Australia’s 2017 Foreign Policy White Paper
Dec 4, 2017 | Sharyn Mittelman
The 2017 Foreign Policy White Paper seeks to navigate Australia’s great uncertainties and challenges in international relations – from China’s rise to the perceived US retreat, regional interests, forces of protectionism and nationalism overseas, and the weakening of the international rules based order. Regarding areas of particular interest to AIJAC, the White Paper discusses issues including Australia’s support for Israel and the two state outcome, multiculturalism, the Iran nuclear deal known as the JCPOA (Joint Comprehensive Plan of Action), the threat of Islamist terrorism and Australia’s role at the United Nations.
Australia’s friendship with Israel is reinforced in the White Paper, as it states:
“Israel is also an important partner for Australia, with our bilateral ties underpinned by people-to-people links. The security of Israel will remain an abiding concern for Australia.”
Australia’s relationship with Israel continues to go from strength to strength, as reflected again this year, when Australia’s Prime Minister Malcolm Turnbull visited Israel and Israeli Prime Minister Benjamin Netanyahu came to Australia. The visits by the prime ministers led to agreements on trade, cyber technology and defence. Australia is also utilising Israel’s start up success to support its innovation agenda.
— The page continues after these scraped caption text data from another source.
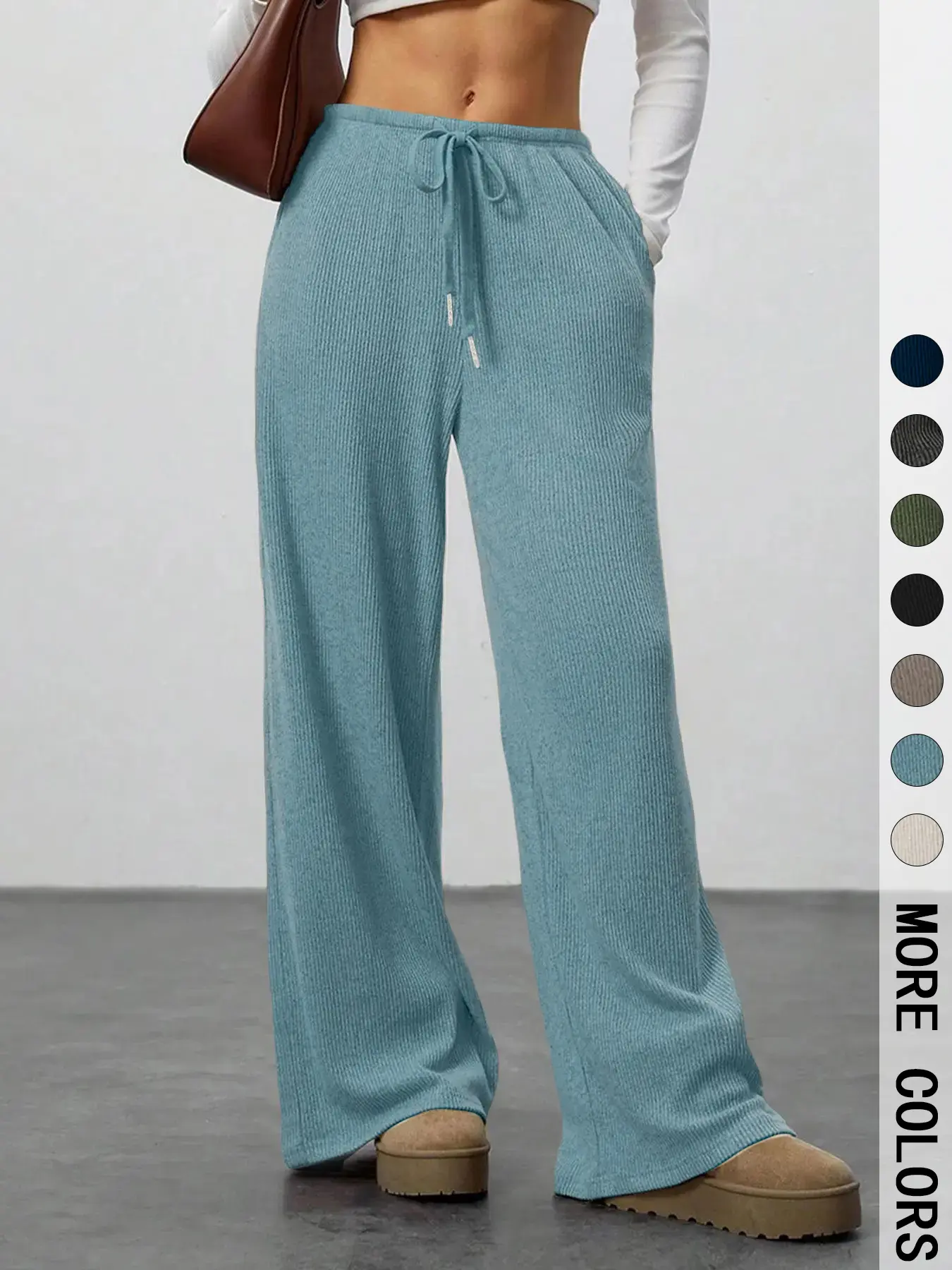 women's high-waist wide-leg lounge pants detail 4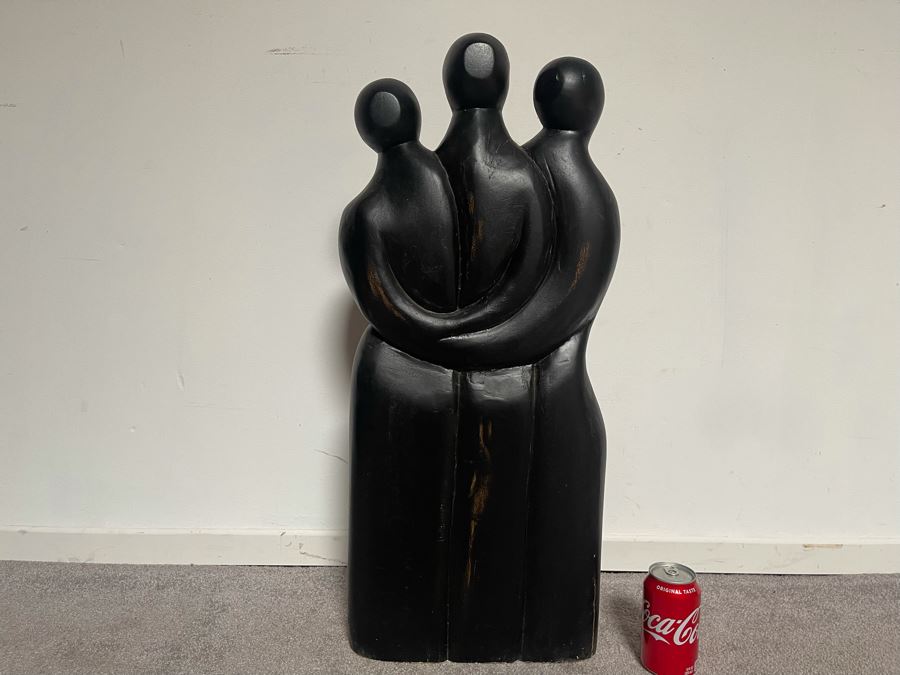 Large Wooden Sculpture Of Three Figures Embracing Each Other 12W X 4D X 29.5H [Photo 2]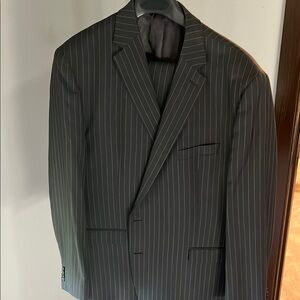 Austin Reed pinstripe charcoal 2 piece suit. 50L with 45 waist pants flat front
The White Paper notes that Australia has an innovation “landing pad” in Tel Aviv, which provides Australian start-ups with access to facilities and advice to help them find new customers, investors, mentors and partners.
The White Paper is also realistic on the challenges ahead for Israeli-Palestinian peace but retains its support for a two-state solution. It notes:
“Given major differences between the parties, resolving the Israeli-Palestinian conflict will remain very difficult. Australia will continue to advocate a two-state solution as the only viable path to peace.”
AIJAC applauds the White Paper’s support for multiculturalism. The White Paper states:
“Australia is one of the world’s most successful multicultural societies. We are a harmonious, egalitarian and enterprising nation that embraces its diversity. One in four Australians were born overseas (Figure 1.1) and almost half of all Australians were either born overseas or have at least one parent born overseas. We come from virtually every culture, race, faith and nation…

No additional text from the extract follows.